[Given records]

+ + + + +

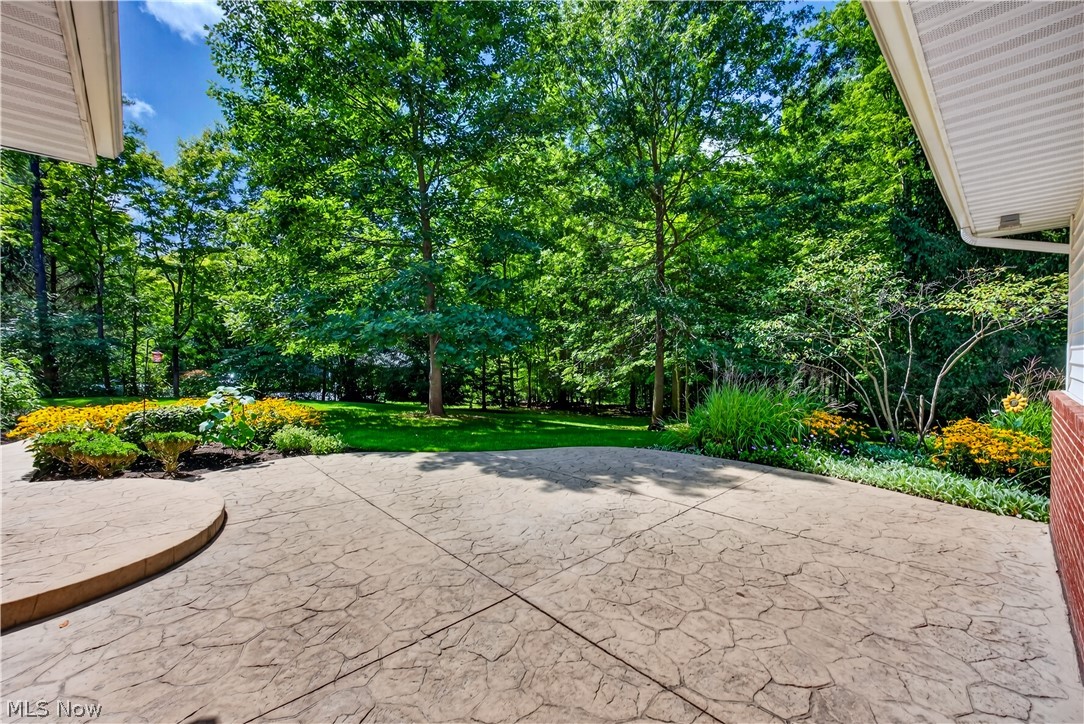 14012 Fox Hollow Drive Novelty OH 44072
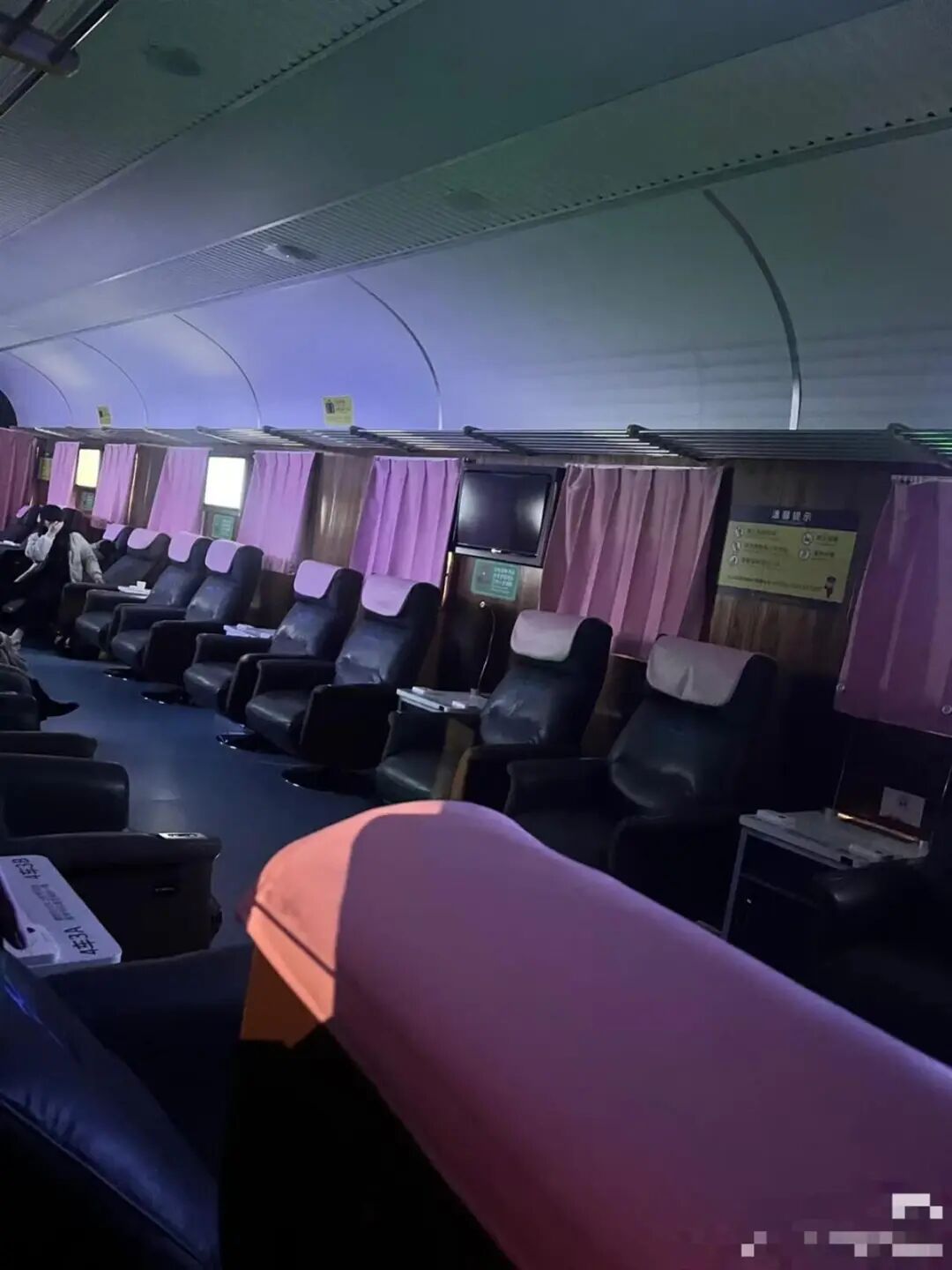 这个火车站用绿皮车提供免费住宿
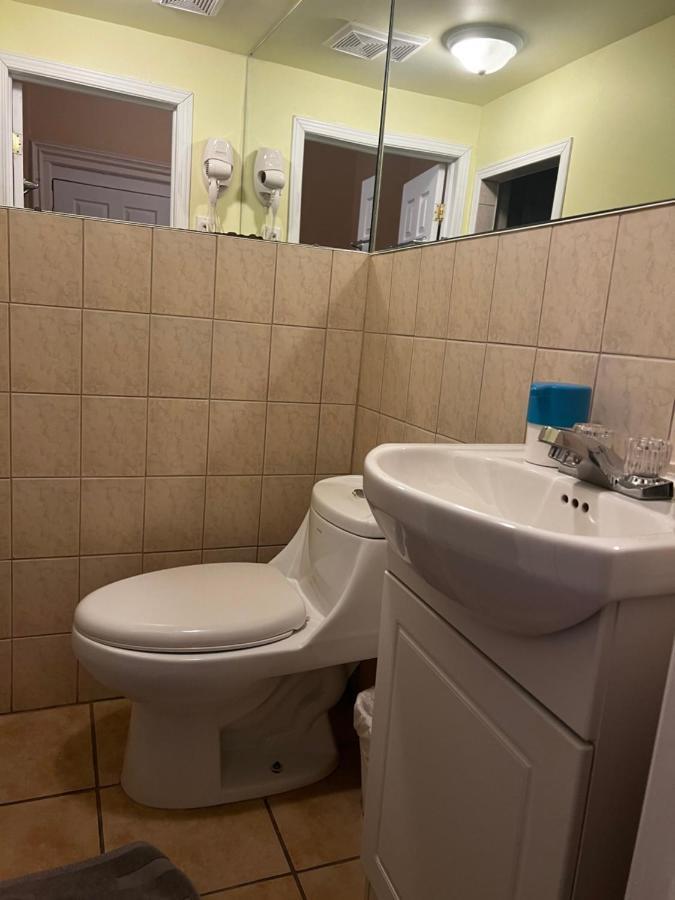 Adas Guesthouse โตรอนโต ภายนอก รูปภาพ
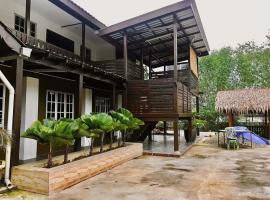 Dinie Inn，位于Hutan Melintang的酒店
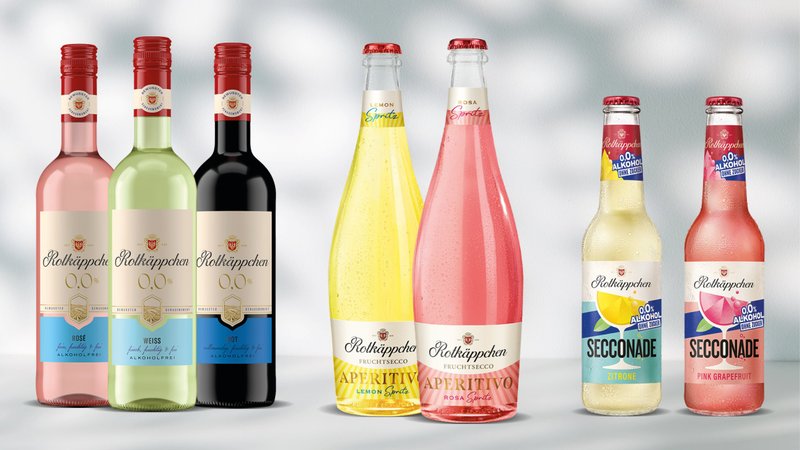 Flaschenabbildungen Rotkäppchen Neuprodukte vor grauem Hintergrund: Rotkäppchen Wein Alkoholfrei (rosé, weiß, rot), Fruchtsecco Aperitivo Lemon & Rosa Spritz und Secconade 0,0 Zitrone und Pink Grapefruit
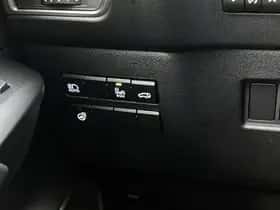 Lexus NX (2019) thumbnail 32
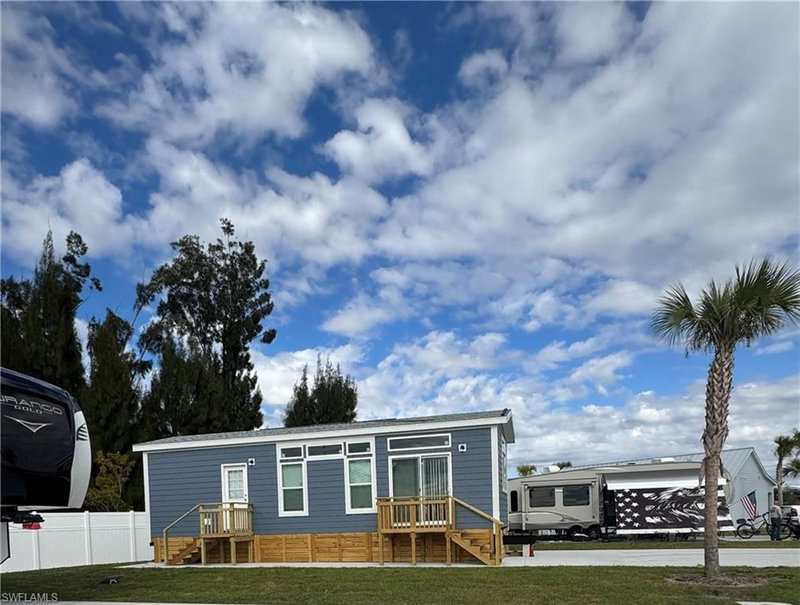 358 Horizon RD photo 1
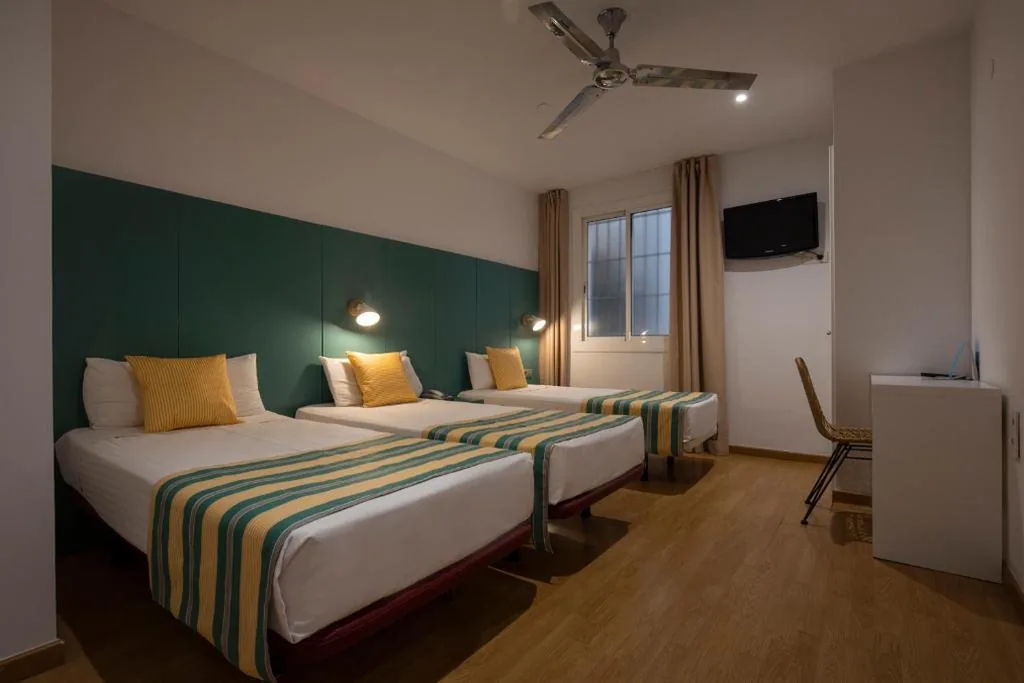 Camera tripla — Yomo Hostal BCN Port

+ + + + +

Your reply should restate the data above word for word and contain no pictures.

 14012 Fox Hollow Drive Novelty OH 44072
 这个火车站用绿皮车提供免费住宿
 Adas Guesthouse โตรอนโต ภายนอก รูปภาพ
 Dinie Inn，位于Hutan Melintang的酒店
 Flaschenabbildungen Rotkäppchen Neuprodukte vor grauem Hintergrund: Rotkäppchen Wein Alkoholfrei (rosé, weiß, rot), Fruchtsecco Aperitivo Lemon & Rosa Spritz und Secconade 0,0 Zitrone und Pink Grapefruit
 Lexus NX (2019) thumbnail 32
 358 Horizon RD photo 1
 Camera tripla — Yomo Hostal BCN Port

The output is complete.